DESCRIPTION OF THE TASK: Reproduce the listing below from the line with "B'laster 6-16-LG High-Performance" to the line with "JM Collection Floral‎", both lines included, character for character, minus any pictures.

DATASET EXCERPTS:
Content starts

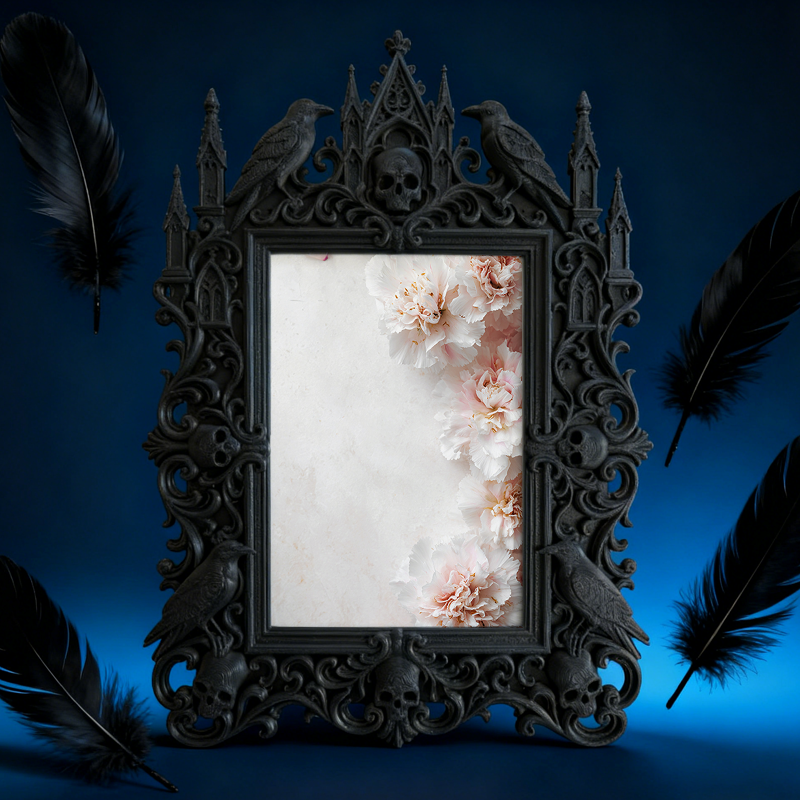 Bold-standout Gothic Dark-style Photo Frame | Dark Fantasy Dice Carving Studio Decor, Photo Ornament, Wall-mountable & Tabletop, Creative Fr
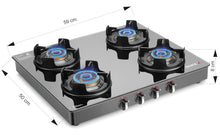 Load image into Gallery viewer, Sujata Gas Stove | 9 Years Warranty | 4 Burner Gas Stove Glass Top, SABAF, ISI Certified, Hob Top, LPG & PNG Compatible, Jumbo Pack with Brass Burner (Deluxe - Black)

Content ends
Content starts

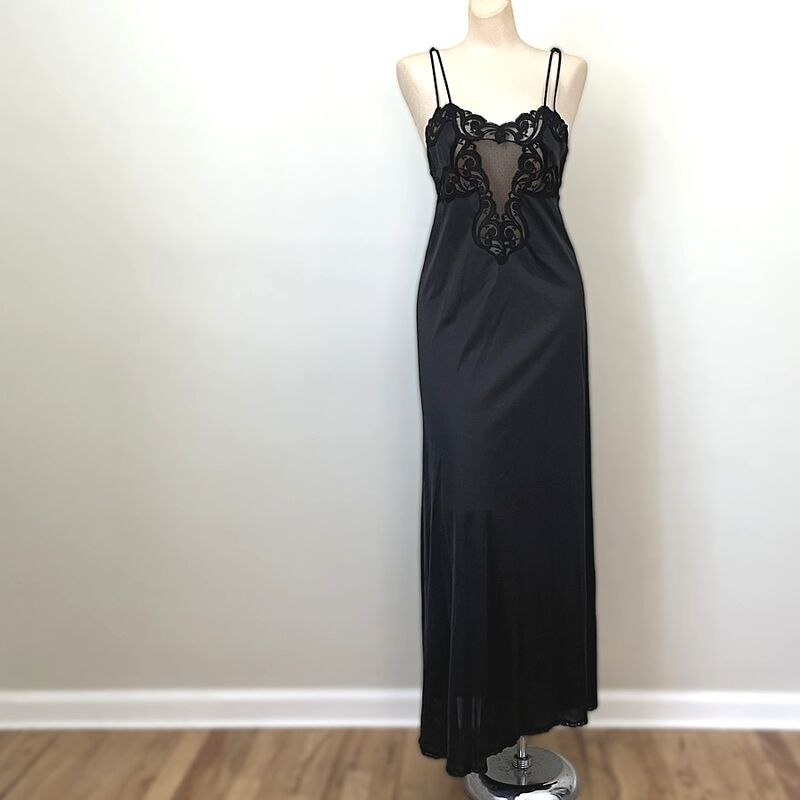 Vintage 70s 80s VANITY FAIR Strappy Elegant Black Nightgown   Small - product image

Content ends
Content starts

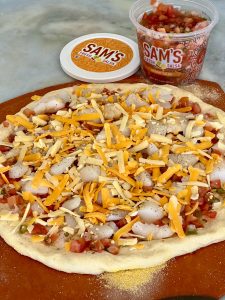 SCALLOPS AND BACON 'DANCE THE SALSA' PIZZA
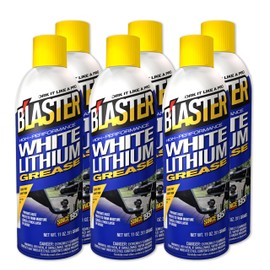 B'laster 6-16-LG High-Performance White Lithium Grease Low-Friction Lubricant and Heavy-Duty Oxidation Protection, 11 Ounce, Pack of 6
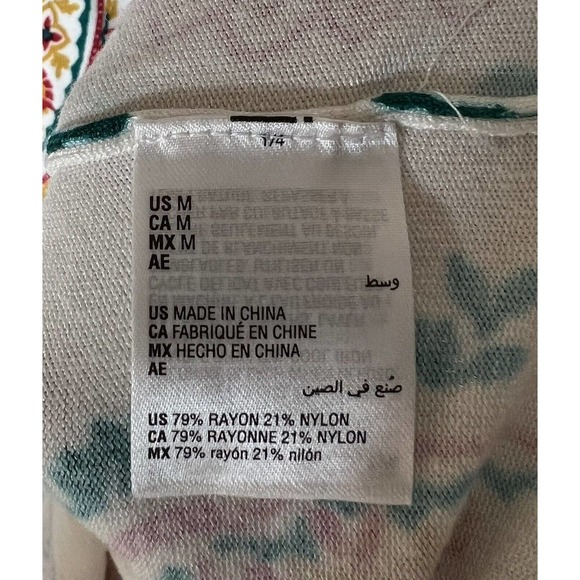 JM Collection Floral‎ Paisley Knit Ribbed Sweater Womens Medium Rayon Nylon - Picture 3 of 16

Content ends

ANSWER FOR THIS EXERCISE:
 B'laster 6-16-LG High-Performance White Lithium Grease Low-Friction Lubricant and Heavy-Duty Oxidation Protection, 11 Ounce, Pack of 6
 JM Collection Floral‎ Paisley Knit Ribbed Sweater Womens Medium Rayon Nylon - Picture 3 of 16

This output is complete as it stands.